### Supplied data
------------------------

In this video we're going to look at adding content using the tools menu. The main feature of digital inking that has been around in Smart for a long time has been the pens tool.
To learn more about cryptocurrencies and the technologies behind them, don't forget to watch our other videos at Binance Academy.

------------------------

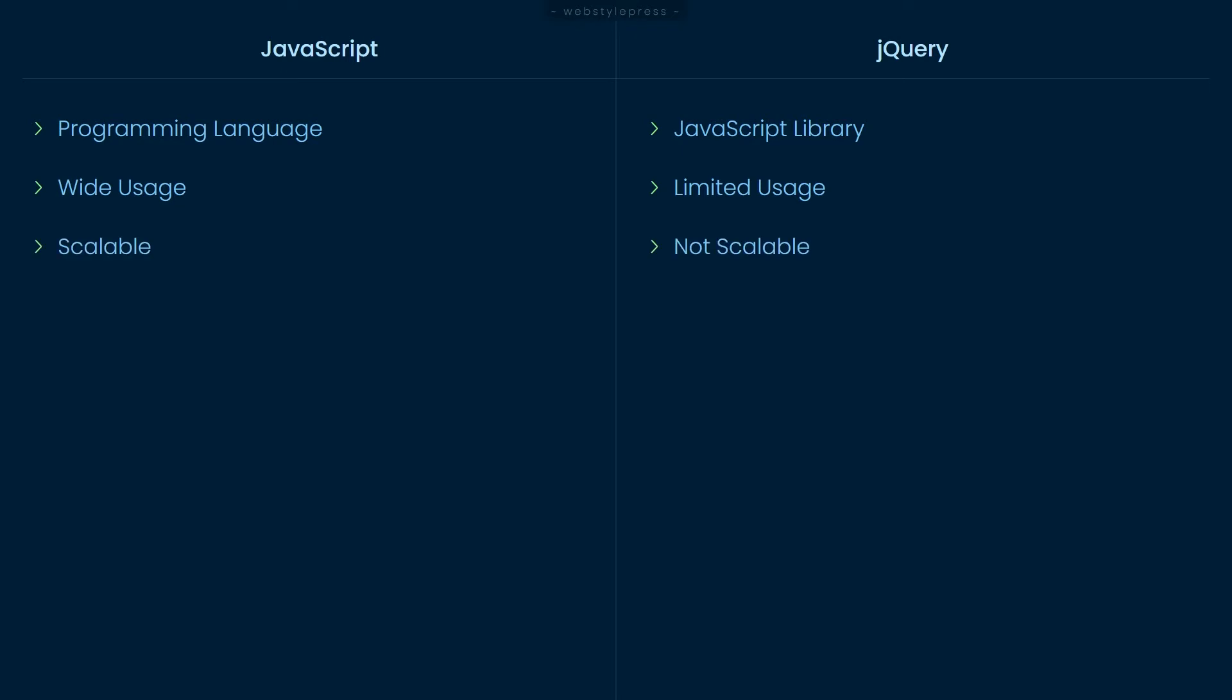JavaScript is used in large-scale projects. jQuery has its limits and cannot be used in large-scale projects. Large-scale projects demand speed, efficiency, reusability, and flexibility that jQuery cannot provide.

------------------------

### Required work
After locating the line with "In this video" in the material above, return it and each line after it exactly, ending at the line with "To learn more".

### Solution to the problem
In this video we're going to look at adding content using the tools menu. The main feature of digital inking that has been around in Smart for a long time has been the pens tool.
To learn more about cryptocurrencies and the technologies behind them, don't forget to watch our other videos at Binance Academy.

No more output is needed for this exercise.